Infini coquillettes
de Sylvie Bocqui

critiqué par Sahkti, le 24 décembre 2004
(Genève - 50 ans)


La note:  étoiles
S'inventer l'amour
"Elle aime sa mère à la folie comme les chiens font avec ceux qui les repoussent."

J'ai été impressionnée par la force de cette gamine mal aimée des siens, cette douleur qu'elle raconte avec des mots d'enfant. Cette résistance, cette lucidité qui pointe au milieu des mots naïfs. Des mots qu'elle emploie pour vivre dans son imaginaire, pour conserver sa place au milieu d'un monde trop dur pour elle. A plusieurs reprises, j'ai fait des rapprochements avec "Lucy comme les chiens" de Catherine Rey. Des aller-retours identiques entre l'enfance et l'âge adulte, entre douceur et cruauté, entre naïveté et lucidité. La narratrice est une fillette en manque d'amour, cela ne l'empêche cependant pas d'en distribuer à la pelle, à l'aide de petites phrases, d'histoires et de réflexions.
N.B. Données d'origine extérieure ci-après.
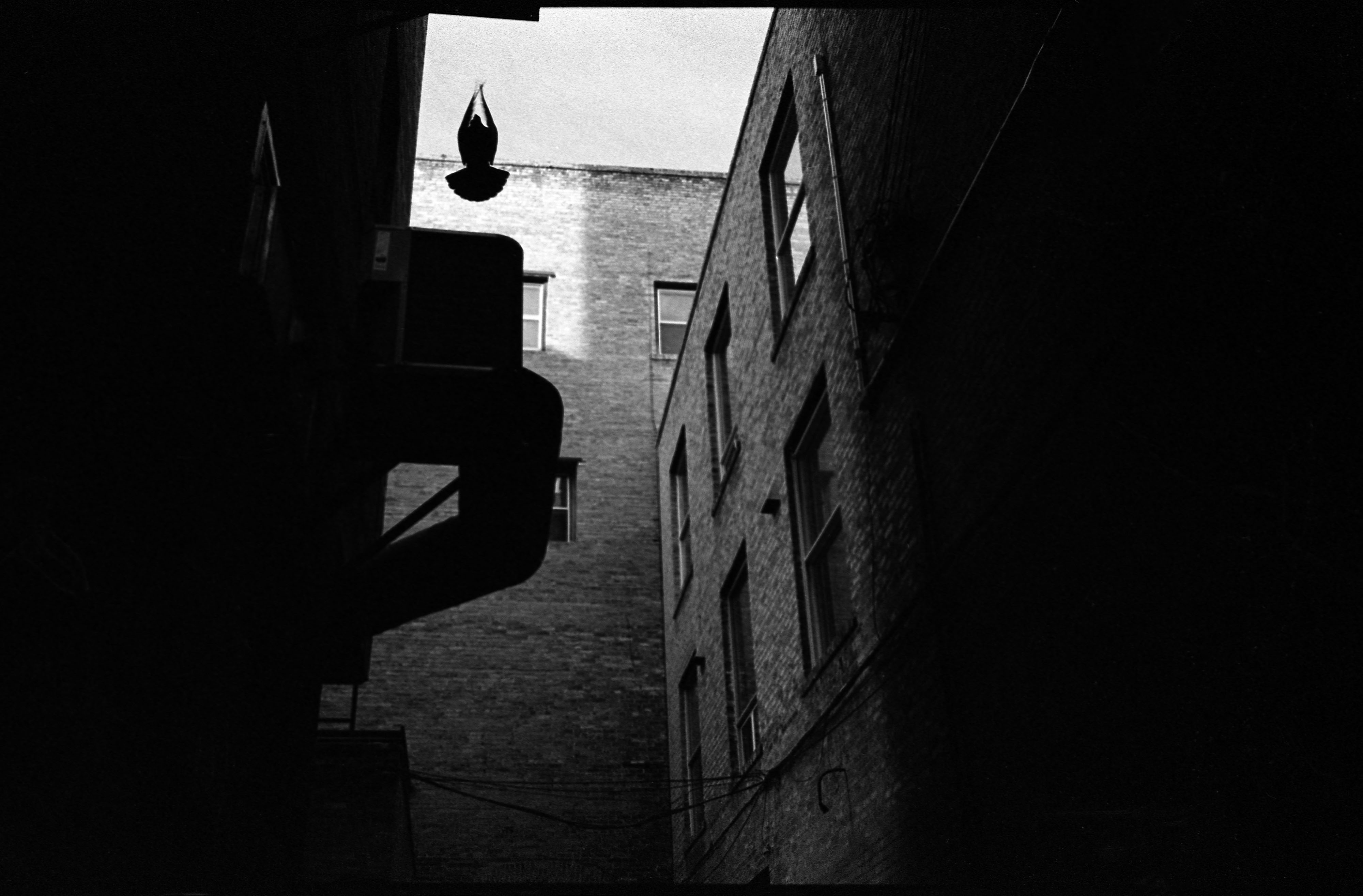 Up from the darkness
"La petite, elle, cherche des idées, des leurres généreux, rieurs et baratineurs, des inventeurs de boniments, des stimulateurs de coquetterie, des boucleurs de cheveux. Elle refait le monde, plante des vignes et des pommiers d’amour. Elle jette du pain aux pigeons et aux mouettes. Assise sur le banc, se soliloque une histoire de vilain canard. Vient alors le souvenir d’un cendrier qu’elle avait bricolé pour la fête des pères avec une coquille de Saint-Jacques, un cure-pipe argenté, du carton noir, deux boutons de couleur et des plumes prises dans l’édredon. Et soudain une sirène d’ambulance dans le lointain. Comme il fait froid sur ce banc. Les leurres bien sûr se sont débinés."